Durango’s Amy Leonard is rising through the ranks of equestrian riding.
Last month at the United States Hunter and Jumper Association’s Zone 7 and 8 championships in Parker, Leonard and her horse, Bongo, an Argentinian warmblood, came home with a gold medal in the jumper team competition.
“I think that over the course of the two days I got better each day,” Leonard said. “I had to make some changes with my coach, Pie Lafferty, who’s from Pagosa Springs. The changes we made worked well and my horse and I kept improving.”
Jumper competitions, also known as show jumping, are scored on time. A typical course consists of 12 to 16 jumps, and the objective is to complete the course as quickly as possible without incurring any faults – mistakes such as knocking down a rail during a jump or finishing the course slower than the allotted time. The horse with the fastest time and fewest number of faults wins.
Zone 7 is made up of Arkansas, Kansas, Louisiana, Missouri, Oklahoma and Texas, while Zone 8 consists of Arizona, Colorado, New Mexico and Utah. There were 13 riders competing in the competition.
Leonard was joined on her team by Kiley McCullough of San Tan Valley, Arizona, Alyson Ranucci from Centennial and Sydney Stephenson of Youngsville, Louisiana. Each member of the team competed in a different section during the championships, and all four members of the team won their sections.
Leonard competed in Section B and completed the course in 91.928 seconds with six faults.
Everyone competing at the zone championships had already proved they belonged after going through qualifying. Knowing everyone and their horses could perform at a high level, Leonard knew there was a chance her team could win. Although there were a lot of unknowns with the team.
“I wasn’t sure how it would go because I had never met any of the girls on my team before,” the 18-year-old said. “... I’m sure we have crossed paths at competitions before, but we had never actually met.”
To qualify for the zone championships, riders must accumulate enough points at United States Equestrian Federation competitions during the season.
Riders train year round for the sanctioned event and can enter as many competitions as they like to earn enough points. Leonard, however, only needed one competition.
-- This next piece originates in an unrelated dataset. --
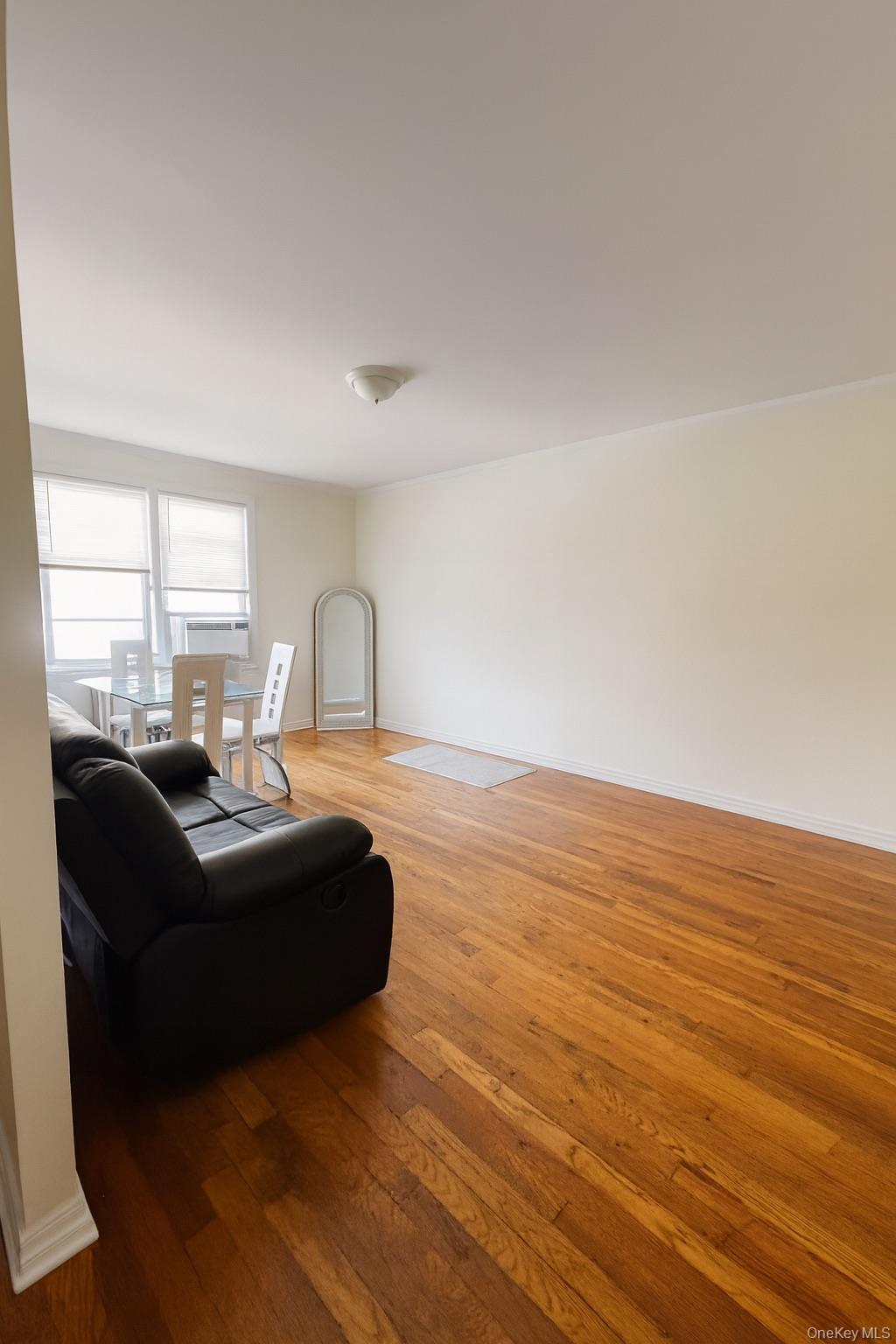 #10 photo, 60-45 Woodhaven Blvd, クイーンズ区 Rego Park , NY 11373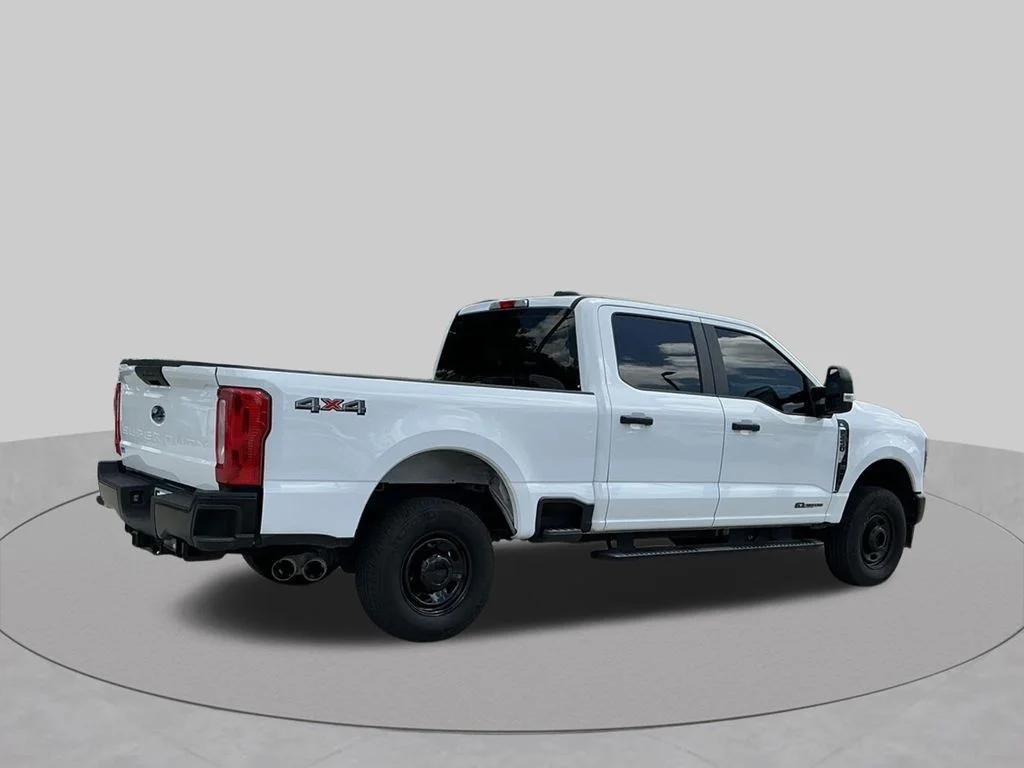 Used 2026 White Ford XL image 11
She traveled to Tucson, Arizona, in October for a show, where she earned all the qualifying points for the zone championships.
The team win at the zone championships does not qualify Leonard and the other three girls from her team a spot at nationals, as riders have to compete as individuals to earn a spot at nationals. But it does open doors for gold star clinics – high level camps that are taught by some of the top riders in the nation. Leonard said that with the team win she is now eligible to apply for a gold star clinic.
Leonard began riding and competing when she was 4 years old. She trains for a few hours five days a week. Two of those training days are spent with Lafferty, while the other three days she works on the drills Lafferty assigns. Fortunately for Leonard, she doesn’t have to travel far to get her training in, as her family has an arena at their home and she only needs to walk into her backyard to practice.
Leonard graduated from Southwest Colorado eSchool in Durango this fall and will take online classes through Southern New Hampshire University while she continues competing with Bongo and the two try to reach higher and higher levels.
“My ultimate goal with jumpers is to perfect the basics,” Leonard said. “... We’ll see where it goes from there.”